Schedule C (Form 1040): Profit or Loss From Business – 2020 Tax Year
What the Form Is For
Schedule C (Form 1040) is the IRS form sole proprietors and self-employed individuals use to report income or losses from businesses they operate. Think of it as your business's annual report card that tells the IRS whether your venture made or lost money during the tax year.
You'll use Schedule C if your primary purpose for running the business is to earn income or profit, and you're involved in the activity with continuity and regularity. This distinguishes a legitimate business from a hobby, sporadic activity, or not-for-profit venture. For example, if you're a freelance graphic designer, independent consultant, Uber driver, online seller, or run a home-based bakery, Schedule C is where you'll report this income.
The form also serves three additional purposes: reporting wages and expenses if you're a statutory employee (such as certain insurance agents or traveling salespeople), reporting income from qualified joint ventures operated with your spouse, and reporting certain amounts shown on Forms 1099-MISC, 1099-NEC, and 1099-K. Each separate business you operate requires its own Schedule C—you cannot combine multiple businesses on a single form.
IRS.gov/ScheduleC
When You'd Use It (Including Late and Amended Filings)
For the 2020 tax year, Schedule C was originally due on April 15, 2021, the same deadline as your Form 1040. However, if you filed for an extension, you had until October 15, 2021, to submit your return. Schedule C is attached to and filed with your main tax return (Form 1040, 1040-SR, 1040-NR, or Form 1041 for estates and trusts).
Late Filings
If you missed the deadline entirely, you should file as soon as possible. The IRS imposes a failure-to-file penalty of 5% of unpaid taxes for each month (or part of a month) your return is late, up to 25% of your unpaid taxes. If you're owed a refund, there's no penalty for filing late, but you must file within three years to claim that refund.
Amended Returns
You'll need to file an amended return using Form 1040-X if you discover errors on your original Schedule C after filing. Common reasons include forgetting to report income, claiming incorrect deductions, or discovering additional business expenses. To claim a refund through an amendment, you must file within three years after the date you filed your original return or within two years after you paid the tax, whichever is later. Good news: the IRS automatically corrects math errors and will contact you, so you typically don't need to amend for simple calculation mistakes or if you forgot to attach a form or schedule—they'll request it.

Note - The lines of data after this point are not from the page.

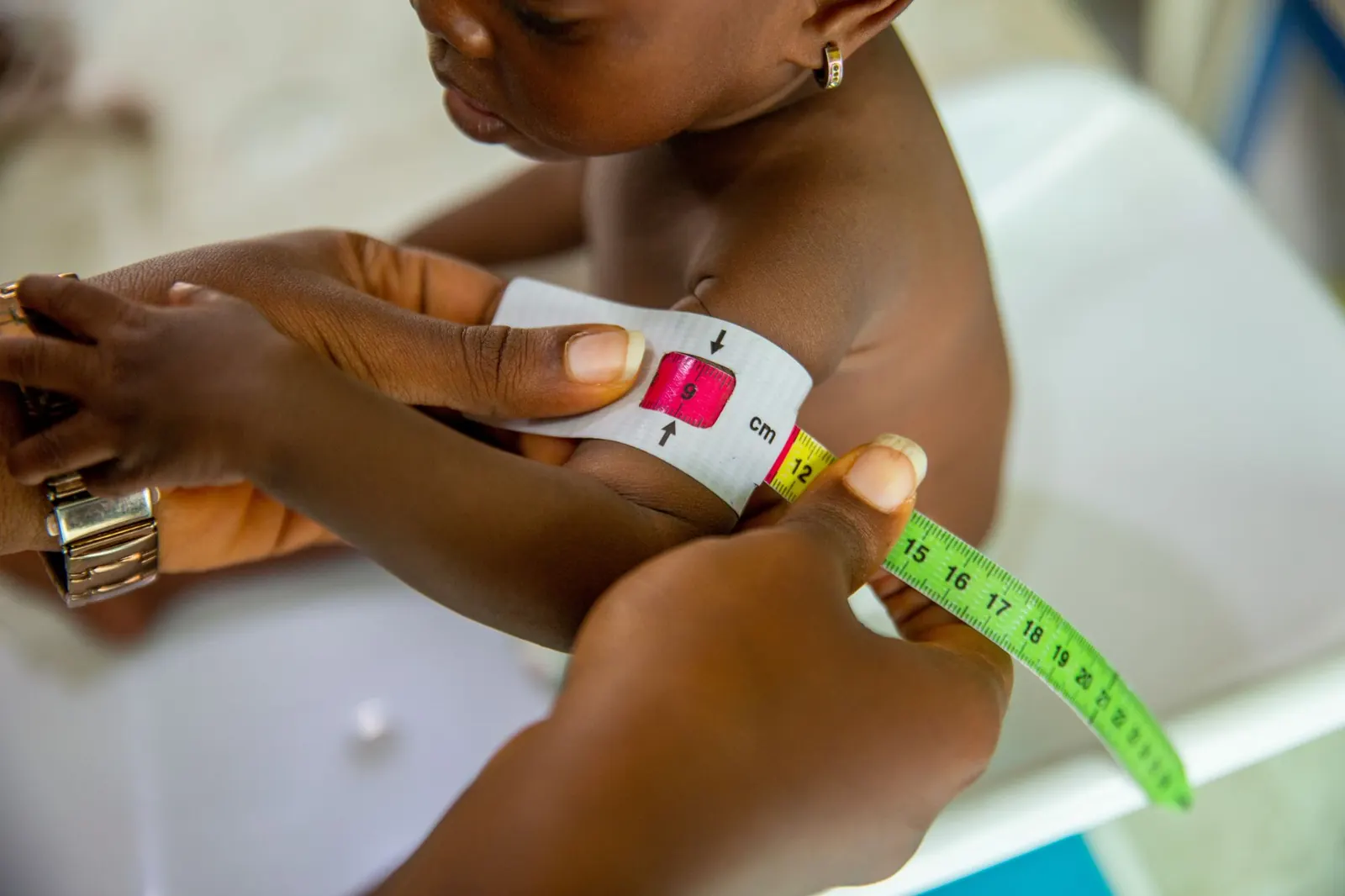 Health worker measuring a baby's upper arm with a child-growth tape during a check-up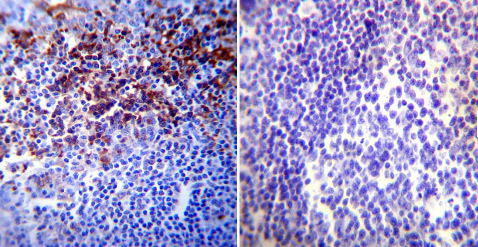 Immunohistochemistry was performed on normal biopsies of deparaffinized Human tonsil tissue. To expose target proteins heat induced antigen retrieval was performed using 10mM sodium citrate (pH6.0) buffer microwaved for 8-15 minutes. Following antigen retrieval tissues were blocked in 3% BSA-PBS for 30 minutes at room temperature. Tissues were then probed at a dilution of 1/20 with ab16066 (left) or without primary antibody (negative control - right) overnight at 4°C in a humidified chamber. Tissues were washed extensively with PBST and endogenous peroxidase activity was quenched with a peroxidase suppressor. Detection was performed using a biotin-conjugated secondary antibody and SA-HRP followed by colorimetric detection using DAB. Tissues were counterstained with hematoxylin and prepped for mounting.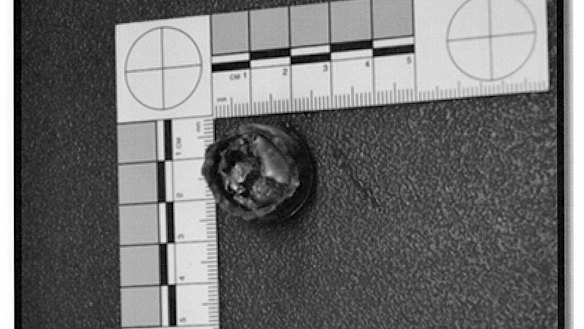 The piece of metal shrapnel removed from Mr Ngo's neck.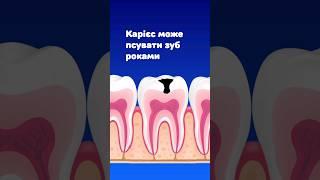 Краще не затягуйте лікування, бо ви карієс може розвинутись #карієс #пломба #стоматолог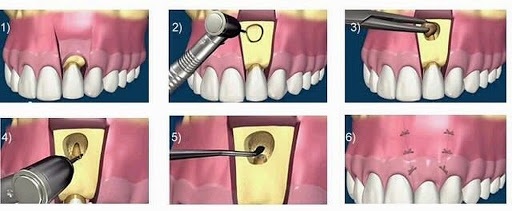 ✅Apicectomía guía completa 11 Clínica Dental en Molina de Segura apicectomia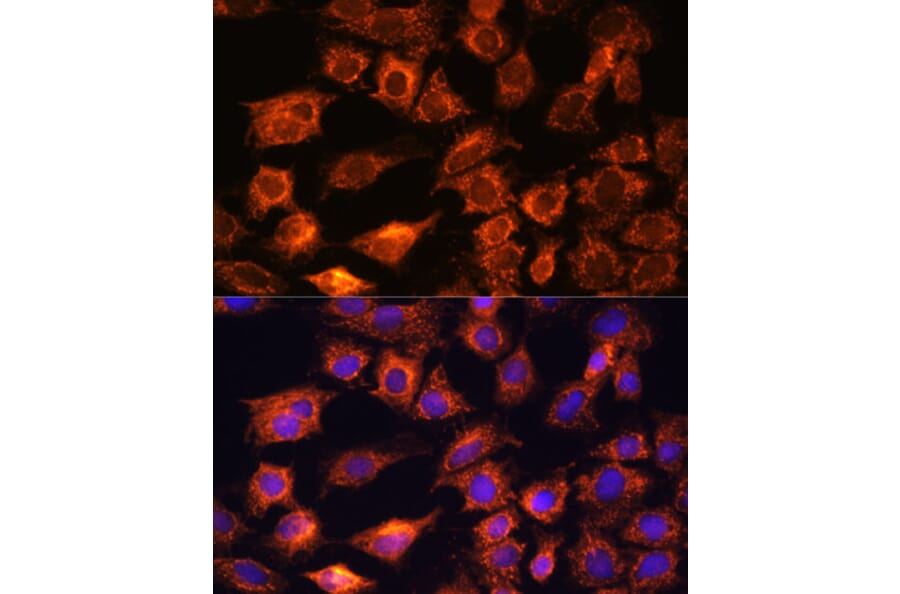 Immunofluorescence - Anti-PTCD1 Antibody (A91211) - Antibodies.com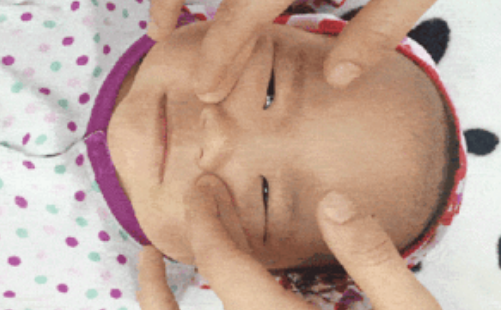 寶寶流鼻涕按摩哪里好 小孩流鼻涕推拿手法 寶寶流鼻涕按摩哪里好 小孩流鼻涕推拿手法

IRS.gov Topic 308 - Amended Returns
Key Rules and Changes for 2020
Several important rules applied specifically to the 2020 tax year:
Standard Mileage Rate
The business standard mileage rate decreased to 57.5 cents per mile for 2020 (down from 58 cents in 2019). You could use this rate instead of tracking actual vehicle expenses if you owned the vehicle and used the standard rate the first year it was placed in service, or if you leased it and used the standard rate for the entire lease period.
Excess Business Loss Limitation Repealed
The excess business loss limitation under section 461(l) was retroactively repealed for 2020, meaning you weren't subject to this limitation that otherwise would have capped losses at $518,000 for joint filers or $259,000 for others.
COVID-19 Tax Credits
The Families First Coronavirus Response Act (FFCRA) provided businesses with tax credits for providing employees with required paid sick leave and expanded family and medical leave related to coronavirus. Importantly, these credit amounts were included in gross income and needed to be reported as "other income" on line 6 of Schedule C.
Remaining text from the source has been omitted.